On Sat, 2011-05-21 at 21:18 -0400, Paul Davis wrote:
On Sat, May 21, 2011 at 8:11 PM, Ralf
<ralf.mardorf(a)alice-dsl.net> wrote:
op-amps are ok, Envy24 cards cause issues, resp.
PulseAudio does.
Pulse's issues (as such) are with multichannel cards, not with Envy24 cards.
It has the same issue with any "high" channel count device.

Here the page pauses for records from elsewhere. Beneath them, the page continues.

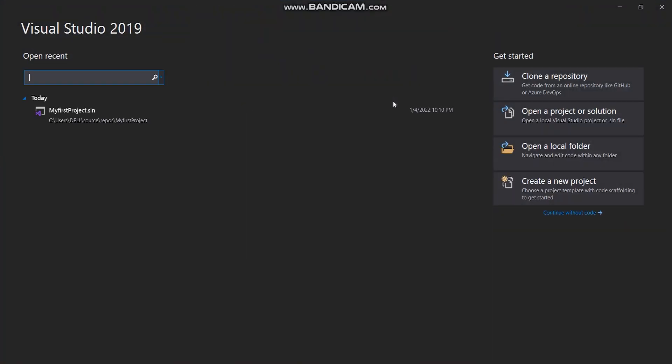If you do not know how to install Visual Studio, I have made a video on that for you. I have also provided the link in the description box.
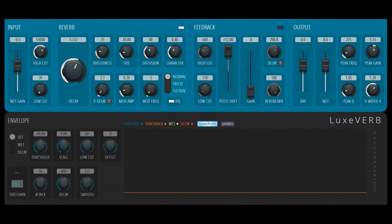ImageLine has introduced a new reverb plugin called Luxeverb in FL Studio. Let's check out its features. Now keep in mind this is beta software, and the final release version may be different from what I'm showing you right now.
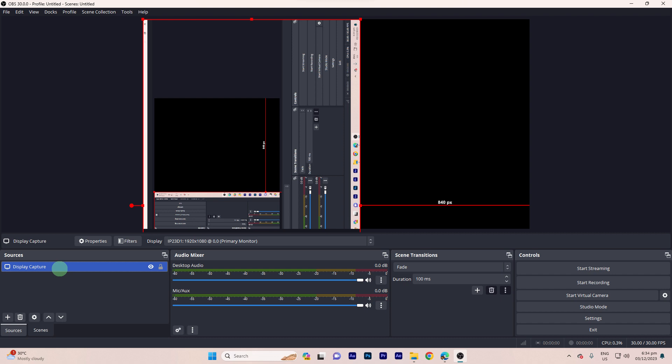By following these steps, you should be able to rotate your camera source in OBS to achieve the desired orientation during your streams or recordings.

It started with the need to edit /usr/share/alsa/cards/...
#
# Configuration for the ICE1712 (Envy24) chip
#
[snip]
slave.format S32_LE
slave.channels 10
[snip]
For Ubuntu Maverick this didn't solve the issue any more, I
pseudo-disabled PA this way
http://www.jeffsplace.net/node/12 to get the
card working.
If you read several audio user lists you'll see that's not only me,
having this issue ;), but every Envy24 card user, while RME card users
write similar to this:
"I have an RME 9652 that has worked out of the box for the past 5 years
on every distro I have run (to date with this card I have used Fedora,
Debian, 64Studio, and various Ubuntu releases.).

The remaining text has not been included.